Evan Spencer Ebel, a 28-year-old inmate serving an eight-year sentence for a previous crime, pleaded guilty to assaulting a prison guard in Fremont County in 2008. It was apparently unclear, however, whether his sentence was meant to be served consecutively or concurrently, according to the report. So, the court clerk recorded it as one to be served "concurrently," or at the same time, and that information was sent to the state prisons.

The error saw Ebel released on Jan. 28, when it appeared he had served his court-appointed sentence.

Ebel was dead two months later after a shootout with police, and the gun he used was tied to the killing of prisons chief Tom Clements in his home two days earlier. Police believe Ebel also was involved in the death of a Domino's delivery man, Nathan Leon, in Denver.

The AP continues:

""The court regrets this oversight and extends condolences to the families of Mr. Nathan Leon and Mr. Tom Clements," said a statement signed by Charles Barton, chief judge of the 11th Judicial District, and court administrator Walter Blair.

Corrections officials said they had not calculated precisely the number of days Ebel would have remained behind bars had the sentence been consecutive. They said they had no way of knowing the plea deal was intended to keep Ebel behind bars for years longer."

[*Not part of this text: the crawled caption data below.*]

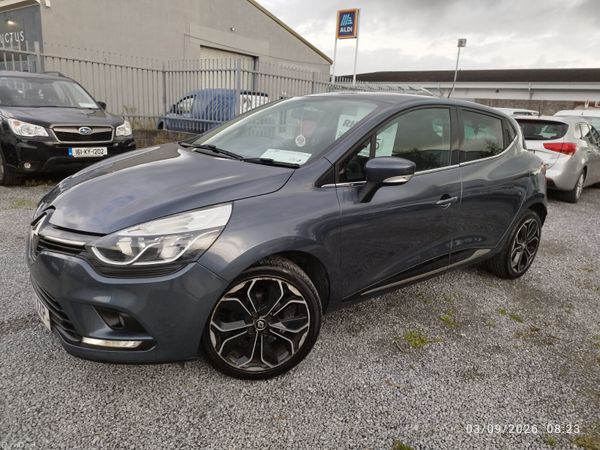 Renault Clio Hatchback, Petrol, 2019, Grey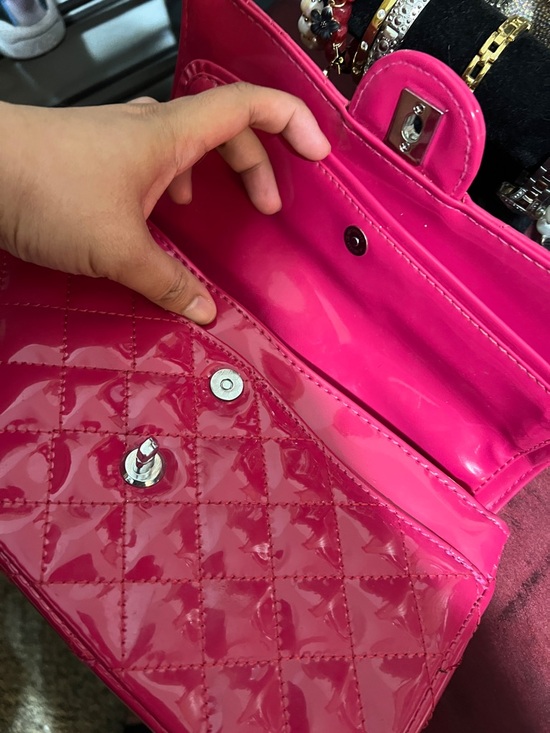 Quilted Chain-Accent Shoulder Bag in Hot Pink - Picture 5 of 6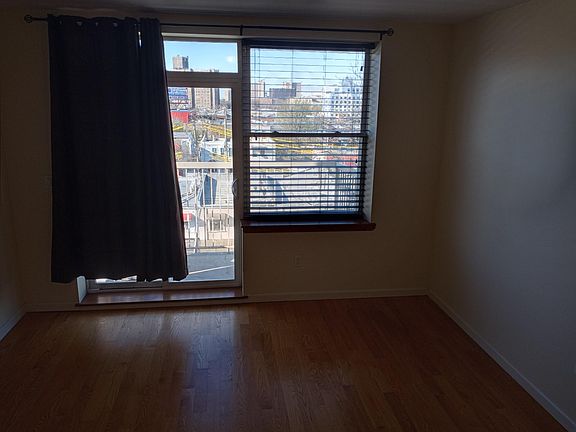 4th image of 2818 W 17th St #4B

Another twist in this case is that investigators have also been pursuing links between the killing of Clements and Mark Hasse, an assistant district attorney in Kaufman County, Texas, in January.

On Saturday, Kaufman County District Attorney Mike McLelland and his wife, Cynthia Woodward McLelland, were also found dead, shot at their home in Forney, Texas.

While investigators aren't certain that any of these killings are related, authorities remain on high alert in Texas and as one local TV station reported, "prosecutors across the state have been warned to be on guard."